Exercise goal
An exact copy of the lines of the listing below between the "Coreparts Mbxde-ba0021 Ricambio" line and the "LADA (VAZ) 2114" line, both included, is the whole answer; please omit the pictures.

Source material
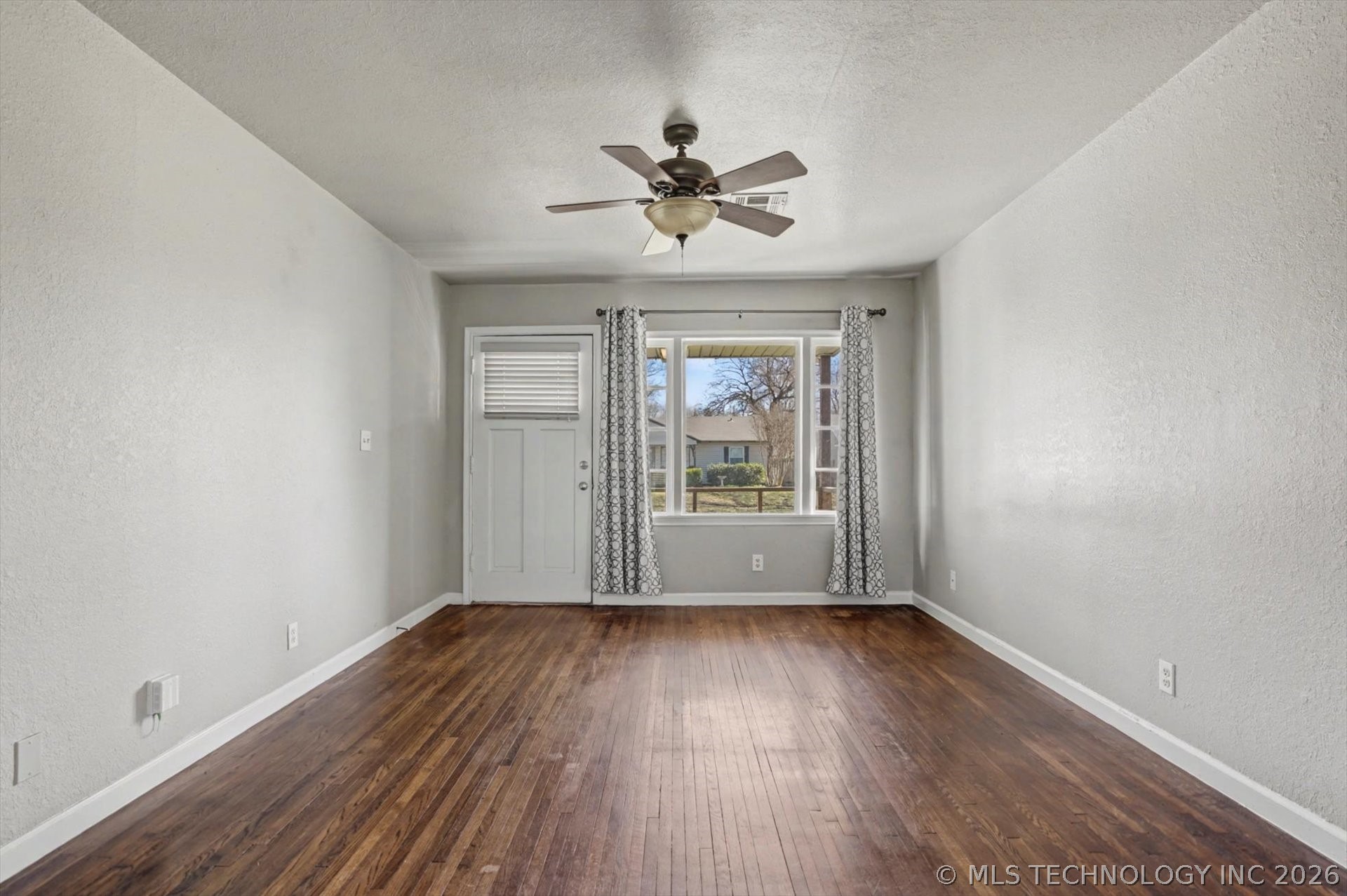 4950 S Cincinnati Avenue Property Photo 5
==
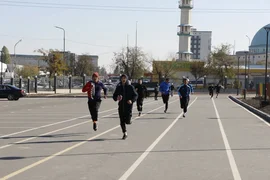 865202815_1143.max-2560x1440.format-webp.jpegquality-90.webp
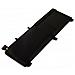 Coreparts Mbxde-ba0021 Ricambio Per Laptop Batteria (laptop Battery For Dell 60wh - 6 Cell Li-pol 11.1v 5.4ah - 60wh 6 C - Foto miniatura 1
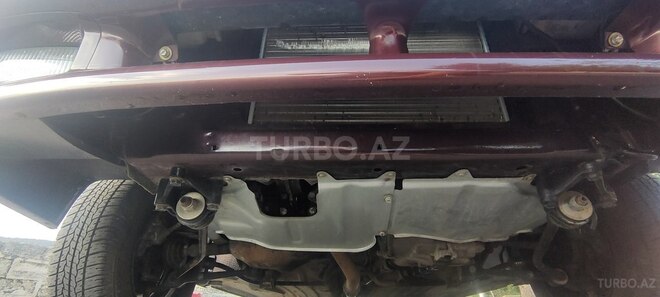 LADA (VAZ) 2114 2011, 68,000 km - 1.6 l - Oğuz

Output of the exercise
 Coreparts Mbxde-ba0021 Ricambio Per Laptop Batteria (laptop Battery For Dell 60wh - 6 Cell Li-pol 11.1v 5.4ah - 60wh 6 C - Foto miniatura 1
 LADA (VAZ) 2114 2011, 68,000 km - 1.6 l - Oğuz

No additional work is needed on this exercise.